> [TASK INSTRUCTIONS]
Check every line of the material below for the string "they", and return the ones that have it.

> [MATERIAL PROVIDED]
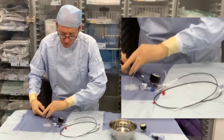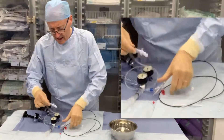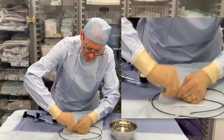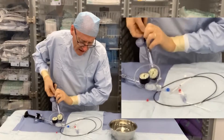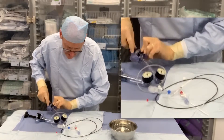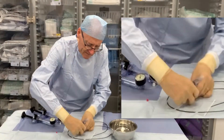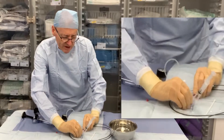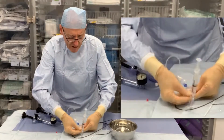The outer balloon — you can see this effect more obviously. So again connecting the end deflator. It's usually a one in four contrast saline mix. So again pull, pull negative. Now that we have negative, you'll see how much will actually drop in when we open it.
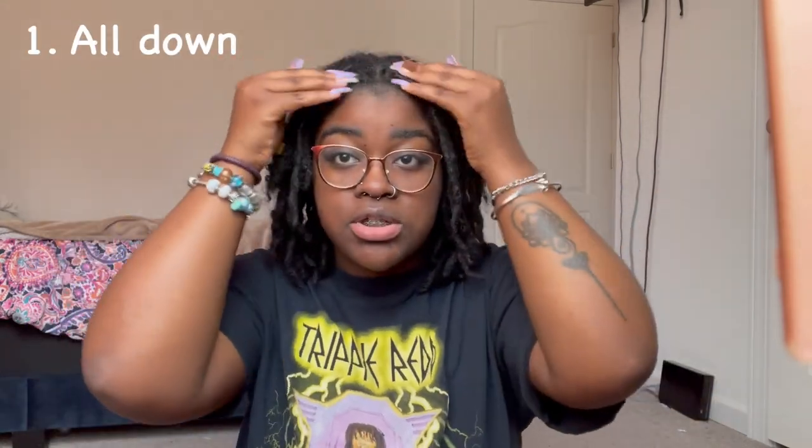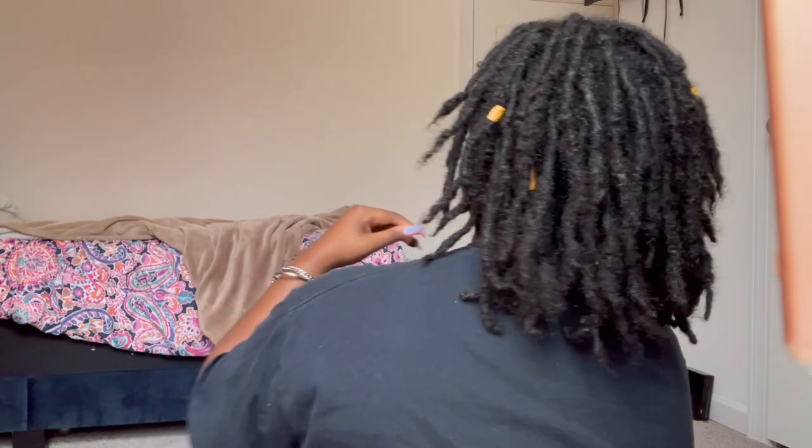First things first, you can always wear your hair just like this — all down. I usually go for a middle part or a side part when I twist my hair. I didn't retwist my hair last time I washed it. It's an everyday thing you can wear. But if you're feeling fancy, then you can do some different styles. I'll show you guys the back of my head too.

...

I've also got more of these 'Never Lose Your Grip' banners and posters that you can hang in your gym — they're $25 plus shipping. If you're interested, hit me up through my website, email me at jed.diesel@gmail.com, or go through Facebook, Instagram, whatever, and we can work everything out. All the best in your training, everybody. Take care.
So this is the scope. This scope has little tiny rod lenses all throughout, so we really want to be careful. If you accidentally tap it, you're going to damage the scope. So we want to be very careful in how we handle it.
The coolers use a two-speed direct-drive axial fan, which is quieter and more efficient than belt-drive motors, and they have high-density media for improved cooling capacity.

> [RESPONSE TO THIS TASK]
I've also got more of these 'Never Lose Your Grip' banners and posters that you can hang in your gym — they're $25 plus shipping. If you're interested, hit me up through my website, email me at jed.diesel@gmail.com, or go through Facebook, Instagram, whatever, and we can work everything out. All the best in your training, everybody. Take care.
The coolers use a two-speed direct-drive axial fan, which is quieter and more efficient than belt-drive motors, and they have high-density media for improved cooling capacity.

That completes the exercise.